• **Exercise instructions**: Skip the pictures and repeat each line of the data exactly.

The data Start Marker

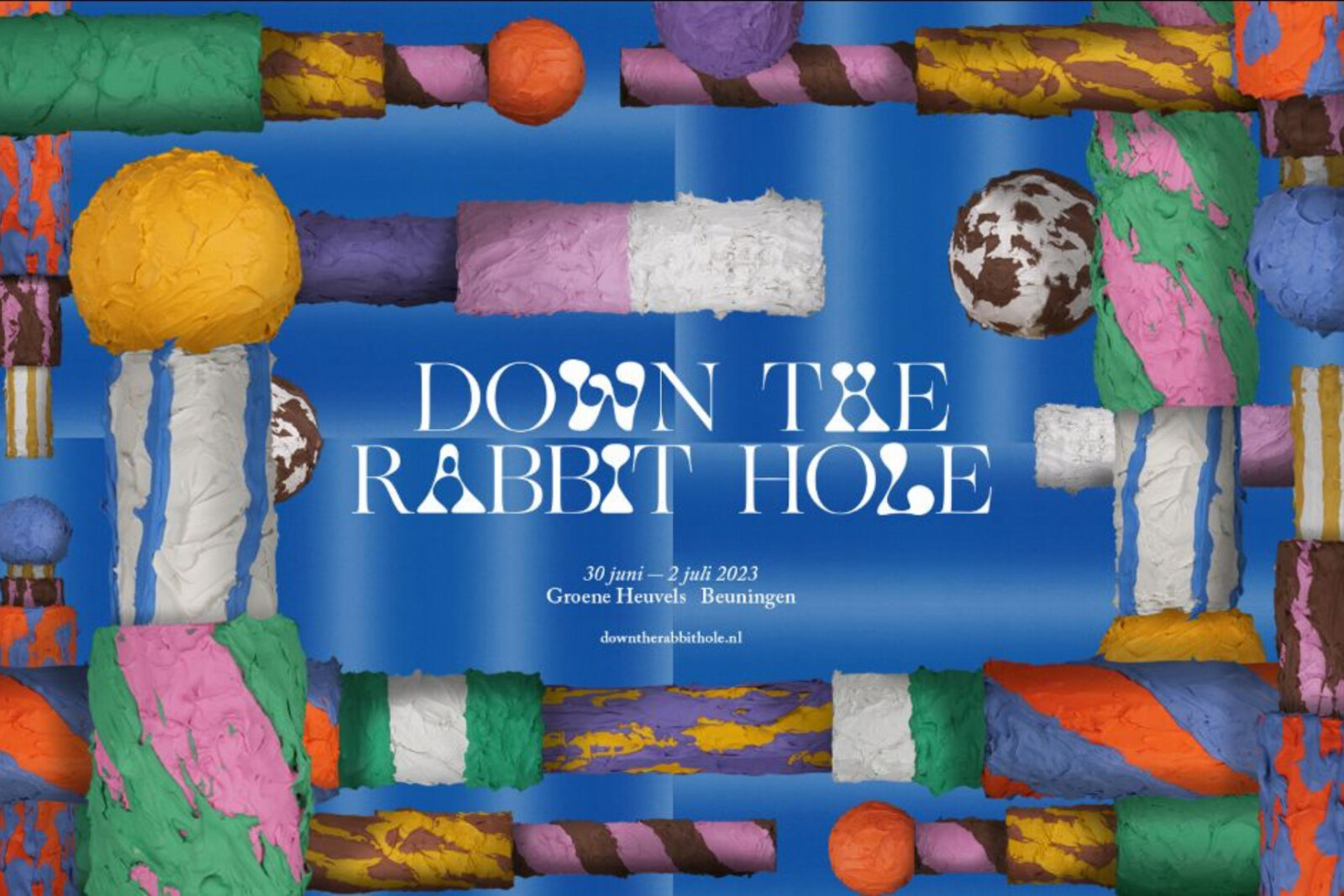 Down The Rabbit Hole: The Bizarre is back!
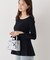 フロントリボンバックミニ 26AW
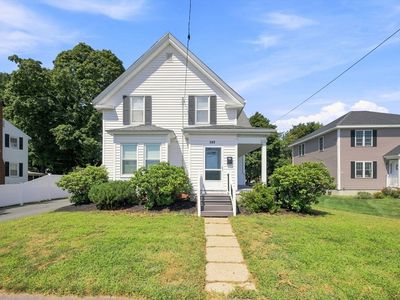 107 Sylvan St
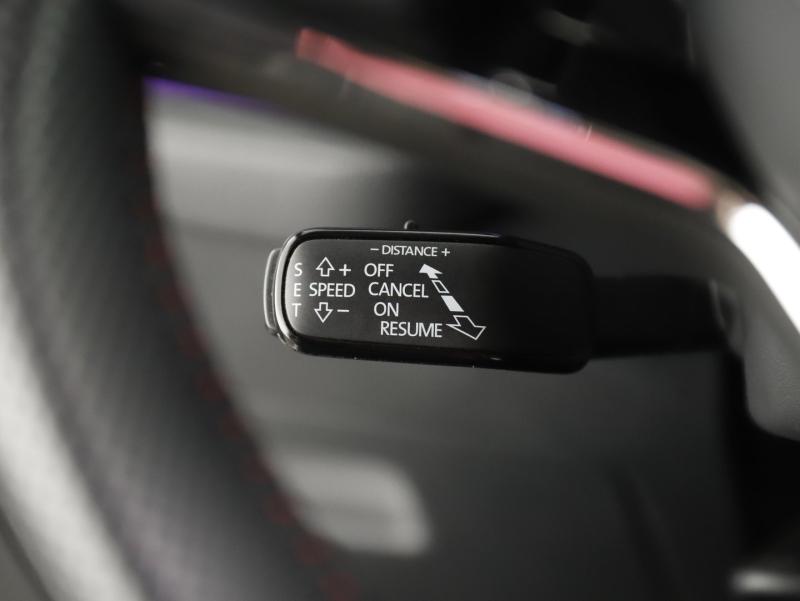 Škoda Octavia Combi RS iV 245 DSG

The data End Marker

• **Task solution**:
 Down The Rabbit Hole: The Bizarre is back!
 フロントリボンバックミニ 26AW
 107 Sylvan St
 Škoda Octavia Combi RS iV 245 DSG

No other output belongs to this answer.